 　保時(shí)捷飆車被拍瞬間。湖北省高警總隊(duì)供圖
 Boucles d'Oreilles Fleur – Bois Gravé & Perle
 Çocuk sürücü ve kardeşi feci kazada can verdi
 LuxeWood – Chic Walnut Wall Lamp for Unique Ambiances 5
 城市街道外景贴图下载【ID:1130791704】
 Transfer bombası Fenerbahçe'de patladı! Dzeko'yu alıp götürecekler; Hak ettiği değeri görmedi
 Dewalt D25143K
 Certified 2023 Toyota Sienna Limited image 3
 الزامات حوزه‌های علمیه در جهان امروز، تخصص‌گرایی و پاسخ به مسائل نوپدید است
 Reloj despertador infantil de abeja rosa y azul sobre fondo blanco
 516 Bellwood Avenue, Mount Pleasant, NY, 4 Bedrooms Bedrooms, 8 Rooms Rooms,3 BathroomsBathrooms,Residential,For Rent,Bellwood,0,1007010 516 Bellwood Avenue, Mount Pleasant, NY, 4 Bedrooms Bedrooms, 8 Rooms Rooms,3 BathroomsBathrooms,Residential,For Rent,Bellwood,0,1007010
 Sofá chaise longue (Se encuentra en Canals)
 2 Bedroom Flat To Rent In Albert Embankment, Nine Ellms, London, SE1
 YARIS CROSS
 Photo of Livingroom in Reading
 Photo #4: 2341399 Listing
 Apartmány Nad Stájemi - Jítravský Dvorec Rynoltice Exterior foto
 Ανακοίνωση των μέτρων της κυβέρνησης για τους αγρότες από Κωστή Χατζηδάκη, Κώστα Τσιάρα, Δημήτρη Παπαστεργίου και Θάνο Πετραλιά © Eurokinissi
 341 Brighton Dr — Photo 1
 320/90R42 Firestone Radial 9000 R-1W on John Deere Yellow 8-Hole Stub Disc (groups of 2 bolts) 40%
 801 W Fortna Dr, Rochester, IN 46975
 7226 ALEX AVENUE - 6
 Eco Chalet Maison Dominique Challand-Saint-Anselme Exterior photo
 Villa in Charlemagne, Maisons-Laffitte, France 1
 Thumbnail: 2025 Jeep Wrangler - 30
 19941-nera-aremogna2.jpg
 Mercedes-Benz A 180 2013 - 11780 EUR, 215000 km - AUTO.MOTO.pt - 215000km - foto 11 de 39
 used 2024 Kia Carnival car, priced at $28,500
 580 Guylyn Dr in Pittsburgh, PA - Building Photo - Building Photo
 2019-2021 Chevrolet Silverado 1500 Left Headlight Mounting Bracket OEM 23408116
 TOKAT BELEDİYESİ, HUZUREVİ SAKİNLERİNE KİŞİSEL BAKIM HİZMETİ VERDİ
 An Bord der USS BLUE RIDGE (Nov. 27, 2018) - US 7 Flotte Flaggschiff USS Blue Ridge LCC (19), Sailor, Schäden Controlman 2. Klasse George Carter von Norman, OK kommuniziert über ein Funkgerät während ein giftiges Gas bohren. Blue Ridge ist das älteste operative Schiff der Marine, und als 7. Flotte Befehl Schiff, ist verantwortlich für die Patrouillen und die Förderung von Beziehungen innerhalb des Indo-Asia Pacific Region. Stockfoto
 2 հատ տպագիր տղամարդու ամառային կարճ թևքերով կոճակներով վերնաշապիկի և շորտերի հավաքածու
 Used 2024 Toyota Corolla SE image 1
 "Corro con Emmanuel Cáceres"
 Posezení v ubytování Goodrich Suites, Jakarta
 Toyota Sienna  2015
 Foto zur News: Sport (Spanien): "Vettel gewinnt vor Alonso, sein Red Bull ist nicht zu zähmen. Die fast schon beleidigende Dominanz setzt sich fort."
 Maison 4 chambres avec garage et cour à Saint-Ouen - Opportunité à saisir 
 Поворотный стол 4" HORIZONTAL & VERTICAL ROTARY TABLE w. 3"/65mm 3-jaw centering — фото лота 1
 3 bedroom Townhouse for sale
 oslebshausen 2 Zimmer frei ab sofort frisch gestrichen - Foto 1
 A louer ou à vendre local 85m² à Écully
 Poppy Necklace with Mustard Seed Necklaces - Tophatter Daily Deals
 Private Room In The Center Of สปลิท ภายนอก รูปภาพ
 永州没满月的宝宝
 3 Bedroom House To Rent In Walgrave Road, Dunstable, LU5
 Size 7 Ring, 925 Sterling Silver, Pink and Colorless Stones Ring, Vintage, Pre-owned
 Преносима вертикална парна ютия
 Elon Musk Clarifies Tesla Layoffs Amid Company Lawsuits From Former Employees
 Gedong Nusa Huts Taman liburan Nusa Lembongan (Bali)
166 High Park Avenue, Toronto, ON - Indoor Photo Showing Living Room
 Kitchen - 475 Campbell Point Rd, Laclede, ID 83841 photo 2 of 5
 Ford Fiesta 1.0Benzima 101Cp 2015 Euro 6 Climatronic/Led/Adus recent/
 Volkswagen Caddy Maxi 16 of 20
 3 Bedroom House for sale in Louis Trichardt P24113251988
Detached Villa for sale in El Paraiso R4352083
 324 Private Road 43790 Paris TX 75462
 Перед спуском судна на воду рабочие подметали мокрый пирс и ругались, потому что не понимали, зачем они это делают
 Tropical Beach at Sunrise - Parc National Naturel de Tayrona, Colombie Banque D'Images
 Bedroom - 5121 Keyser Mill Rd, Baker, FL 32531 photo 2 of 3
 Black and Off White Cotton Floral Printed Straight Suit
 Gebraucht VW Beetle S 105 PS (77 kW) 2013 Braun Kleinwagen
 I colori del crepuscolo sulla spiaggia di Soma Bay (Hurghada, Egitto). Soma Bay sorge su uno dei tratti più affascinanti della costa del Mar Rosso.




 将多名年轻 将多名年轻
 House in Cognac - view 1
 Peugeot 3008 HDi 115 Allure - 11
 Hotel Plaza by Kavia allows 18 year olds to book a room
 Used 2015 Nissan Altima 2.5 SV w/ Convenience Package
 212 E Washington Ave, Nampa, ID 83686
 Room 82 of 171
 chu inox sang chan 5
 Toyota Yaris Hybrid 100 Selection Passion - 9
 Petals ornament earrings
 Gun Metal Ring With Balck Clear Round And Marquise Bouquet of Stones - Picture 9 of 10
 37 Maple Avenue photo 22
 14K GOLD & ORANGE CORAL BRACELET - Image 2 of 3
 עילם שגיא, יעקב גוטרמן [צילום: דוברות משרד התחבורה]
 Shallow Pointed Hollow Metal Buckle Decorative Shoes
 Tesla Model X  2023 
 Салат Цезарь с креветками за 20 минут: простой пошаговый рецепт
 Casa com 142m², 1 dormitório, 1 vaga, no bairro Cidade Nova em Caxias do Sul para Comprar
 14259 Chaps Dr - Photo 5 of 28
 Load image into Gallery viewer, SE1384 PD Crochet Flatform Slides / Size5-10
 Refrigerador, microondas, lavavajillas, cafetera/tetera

----------------------------------------

Every entry must be set down again exactly as it reads.

Response area:
 　保時(shí)捷飆車被拍瞬間。湖北省高警總隊(duì)供圖
 Boucles d'Oreilles Fleur – Bois Gravé & Perle
 Çocuk sürücü ve kardeşi feci kazada can verdi
 LuxeWood – Chic Walnut Wall Lamp for Unique Ambiances 5
 城市街道外景贴图下载【ID:1130791704】
 Transfer bombası Fenerbahçe'de patladı! Dzeko'yu alıp götürecekler; Hak ettiği değeri görmedi
 Dewalt D25143K
 Certified 2023 Toyota Sienna Limited image 3
 الزامات حوزه‌های علمیه در جهان امروز، تخصص‌گرایی و پاسخ به مسائل نوپدید است
 Reloj despertador infantil de abeja rosa y azul sobre fondo blanco
 516 Bellwood Avenue, Mount Pleasant, NY, 4 Bedrooms Bedrooms, 8 Rooms Rooms,3 BathroomsBathrooms,Residential,For Rent,Bellwood,0,1007010 516 Bellwood Avenue, Mount Pleasant, NY, 4 Bedrooms Bedrooms, 8 Rooms Rooms,3 BathroomsBathrooms,Residential,For Rent,Bellwood,0,1007010
 Sofá chaise longue (Se encuentra en Canals)
 2 Bedroom Flat To Rent In Albert Embankment, Nine Ellms, London, SE1
 YARIS CROSS
 Photo of Livingroom in Reading
 Photo #4: 2341399 Listing
 Apartmány Nad Stájemi - Jítravský Dvorec Rynoltice Exterior foto
 Ανακοίνωση των μέτρων της κυβέρνησης για τους αγρότες από Κωστή Χατζηδάκη, Κώστα Τσιάρα, Δημήτρη Παπαστεργίου και Θάνο Πετραλιά © Eurokinissi
 341 Brighton Dr — Photo 1
 320/90R42 Firestone Radial 9000 R-1W on John Deere Yellow 8-Hole Stub Disc (groups of 2 bolts) 40%
 801 W Fortna Dr, Rochester, IN 46975
 7226 ALEX AVENUE - 6
 Eco Chalet Maison Dominique Challand-Saint-Anselme Exterior photo
 Villa in Charlemagne, Maisons-Laffitte, France 1
 Thumbnail: 2025 Jeep Wrangler - 30
 19941-nera-aremogna2.jpg
 Mercedes-Benz A 180 2013 - 11780 EUR, 215000 km - AUTO.MOTO.pt - 215000km - foto 11 de 39
 used 2024 Kia Carnival car, priced at $28,500
 580 Guylyn Dr in Pittsburgh, PA - Building Photo - Building Photo
 2019-2021 Chevrolet Silverado 1500 Left Headlight Mounting Bracket OEM 23408116
 TOKAT BELEDİYESİ, HUZUREVİ SAKİNLERİNE KİŞİSEL BAKIM HİZMETİ VERDİ
 An Bord der USS BLUE RIDGE (Nov. 27, 2018) - US 7 Flotte Flaggschiff USS Blue Ridge LCC (19), Sailor, Schäden Controlman 2. Klasse George Carter von Norman, OK kommuniziert über ein Funkgerät während ein giftiges Gas bohren. Blue Ridge ist das älteste operative Schiff der Marine, und als 7. Flotte Befehl Schiff, ist verantwortlich für die Patrouillen und die Förderung von Beziehungen innerhalb des Indo-Asia Pacific Region. Stockfoto
 2 հատ տպագիր տղամարդու ամառային կարճ թևքերով կոճակներով վերնաշապիկի և շորտերի հավաքածու
 Used 2024 Toyota Corolla SE image 1
 "Corro con Emmanuel Cáceres"
 Posezení v ubytování Goodrich Suites, Jakarta
 Toyota Sienna  2015
 Foto zur News: Sport (Spanien): "Vettel gewinnt vor Alonso, sein Red Bull ist nicht zu zähmen. Die fast schon beleidigende Dominanz setzt sich fort."
 Maison 4 chambres avec garage et cour à Saint-Ouen - Opportunité à saisir 
 Поворотный стол 4" HORIZONTAL & VERTICAL ROTARY TABLE w. 3"/65mm 3-jaw centering — фото лота 1
 3 bedroom Townhouse for sale
 oslebshausen 2 Zimmer frei ab sofort frisch gestrichen - Foto 1
 A louer ou à vendre local 85m² à Écully
 Poppy Necklace with Mustard Seed Necklaces - Tophatter Daily Deals
 Private Room In The Center Of สปลิท ภายนอก รูปภาพ
 永州没满月的宝宝
 3 Bedroom House To Rent In Walgrave Road, Dunstable, LU5
 Size 7 Ring, 925 Sterling Silver, Pink and Colorless Stones Ring, Vintage, Pre-owned
 Преносима вертикална парна ютия
 Elon Musk Clarifies Tesla Layoffs Amid Company Lawsuits From Former Employees
 Gedong Nusa Huts Taman liburan Nusa Lembongan (Bali)
166 High Park Avenue, Toronto, ON - Indoor Photo Showing Living Room
 Kitchen - 475 Campbell Point Rd, Laclede, ID 83841 photo 2 of 5
 Ford Fiesta 1.0Benzima 101Cp 2015 Euro 6 Climatronic/Led/Adus recent/
 Volkswagen Caddy Maxi 16 of 20
 3 Bedroom House for sale in Louis Trichardt P24113251988
Detached Villa for sale in El Paraiso R4352083
 324 Private Road 43790 Paris TX 75462
 Перед спуском судна на воду рабочие подметали мокрый пирс и ругались, потому что не понимали, зачем они это делают
 Tropical Beach at Sunrise - Parc National Naturel de Tayrona, Colombie Banque D'Images
 Bedroom - 5121 Keyser Mill Rd, Baker, FL 32531 photo 2 of 3
 Black and Off White Cotton Floral Printed Straight Suit
 Gebraucht VW Beetle S 105 PS (77 kW) 2013 Braun Kleinwagen
 I colori del crepuscolo sulla spiaggia di Soma Bay (Hurghada, Egitto). Soma Bay sorge su uno dei tratti più affascinanti della costa del Mar Rosso.




 将多名年轻 将多名年轻
 House in Cognac - view 1
 Peugeot 3008 HDi 115 Allure - 11
 Hotel Plaza by Kavia allows 18 year olds to book a room
 Used 2015 Nissan Altima 2.5 SV w/ Convenience Package
 212 E Washington Ave, Nampa, ID 83686
 Room 82 of 171
 chu inox sang chan 5
 Toyota Yaris Hybrid 100 Selection Passion - 9
 Petals ornament earrings
 Gun Metal Ring With Balck Clear Round And Marquise Bouquet of Stones - Picture 9 of 10
 37 Maple Avenue photo 22
 14K GOLD & ORANGE CORAL BRACELET - Image 2 of 3
 עילם שגיא, יעקב גוטרמן [צילום: דוברות משרד התחבורה]
 Shallow Pointed Hollow Metal Buckle Decorative Shoes
 Tesla Model X  2023 
 Салат Цезарь с креветками за 20 минут: простой пошаговый рецепт
 Casa com 142m², 1 dormitório, 1 vaga, no bairro Cidade Nova em Caxias do Sul para Comprar
 14259 Chaps Dr - Photo 5 of 28
 Load image into Gallery viewer, SE1384 PD Crochet Flatform Slides / Size5-10
 Refrigerador, microondas, lavavajillas, cafetera/tetera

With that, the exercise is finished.